No hay duda, Bolivia cuenta con emprendimientos innovadores que merecen aplausos, mariachis y hasta documentales. Son verdaderos faros en la niebla, casos de éxito que demuestran que sí se puede. Pero para que esos faros no se queden como lucecitas aisladas en medio de un océano informal, hace falta algo más que entusiasmo y una cuenta de Instagram bien curada. Hace falta una coreografía bien sincronizada entre tres actores, que hasta ahora suelen bailar en pistas distintas: la empresa, el gobierno y la universidad.
Existen esfuerzos loables para impulsar ecosistemas emprendedores, iniciativas serias, creativas, con gente comprometida que está haciendo mucho con poco en Bolivia. No los cito aquí. No por falta de mérito, sino por el riesgo de omitir a alguno y generar celos en el ecosistema. Y sí, tenemos emprendedores espectaculares, verdaderos jedis del ingenio que han logrado lo impensable desde un garaje, un galpón o un puesto en la feria. Pero hay que ser honestos: son aún la minoría de la minoría. Son como prototipos exitosos que necesitan convertirse en producto mínimo viable y luego escalar, sin perder el alma… ni quebrar en el intento.

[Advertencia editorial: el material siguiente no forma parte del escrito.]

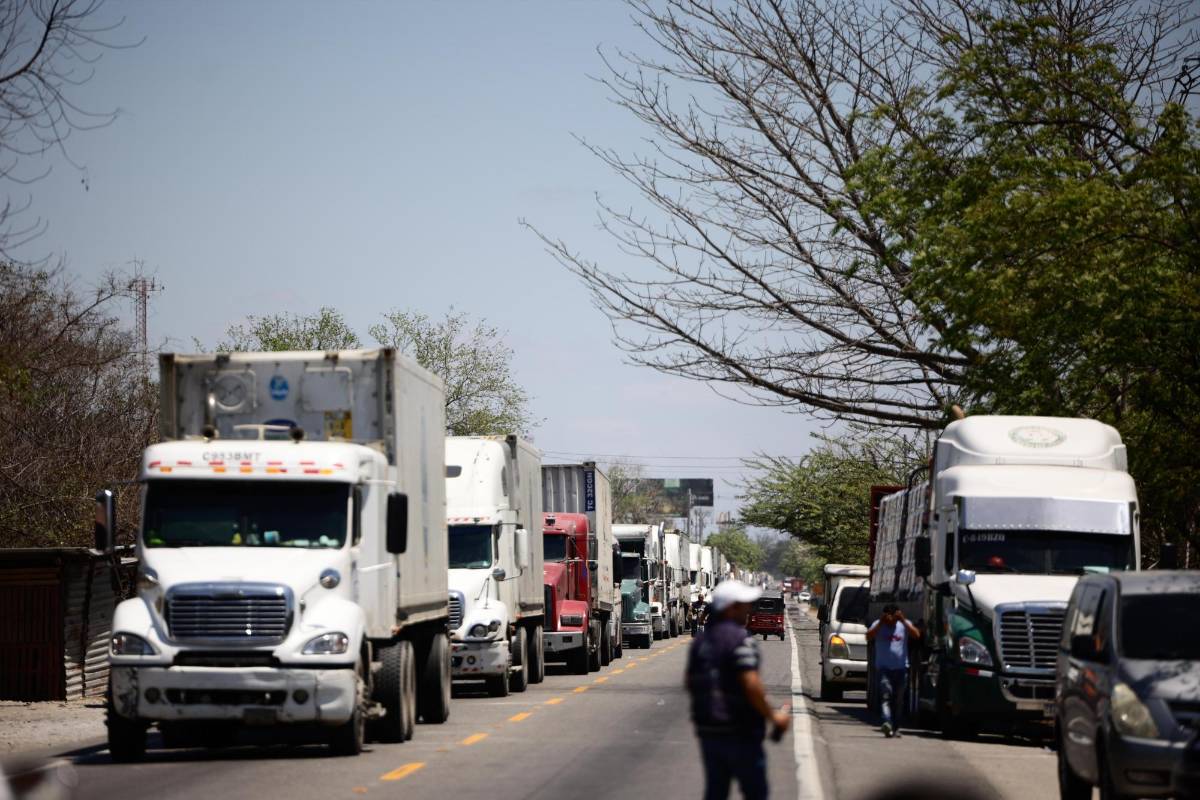 Caos en Guatemala por bloqueos en carreteras en protestas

El reto no es menor: convertir a estos casos heroicos en norma, sin pretender que todos vendan software en vez de salteñas. Es decir, traducir innovación no solo en código fuente, sino también en comercio, servicios, agricultura, producción y turismo con valor agregado. No se trata de cambiar lo que la gente hace, sino de darle las herramientas para hacerlo mejor, más rentable, más sostenible y, por qué no, con una App.
Este debería ser uno de los desafíos centrales del próximo gobierno. No solo hablar de ecosistemas de emprendedores en conferencias, sino crear uno real, dinámico, flexible, adaptado a la diversidad boliviana, en la que, tanto el que hace pitch en inglés, como el que vende anticuchos en la esquina, tengan espacio, apoyo y futuro.
Y, lo más importante, brindar una educación transformadora, una verdadera autopista del conocimiento práctico que permita a miles de emprendedores salir del modo supervivencia y entrar al modo oportunidad. Que el país deje de ser un taller de emergencia y se convierta en una fábrica de ideas escalables. Que el chuño siga presente, claro, pero con código de barras, con storytelling propio y con acceso a mercados internacionales.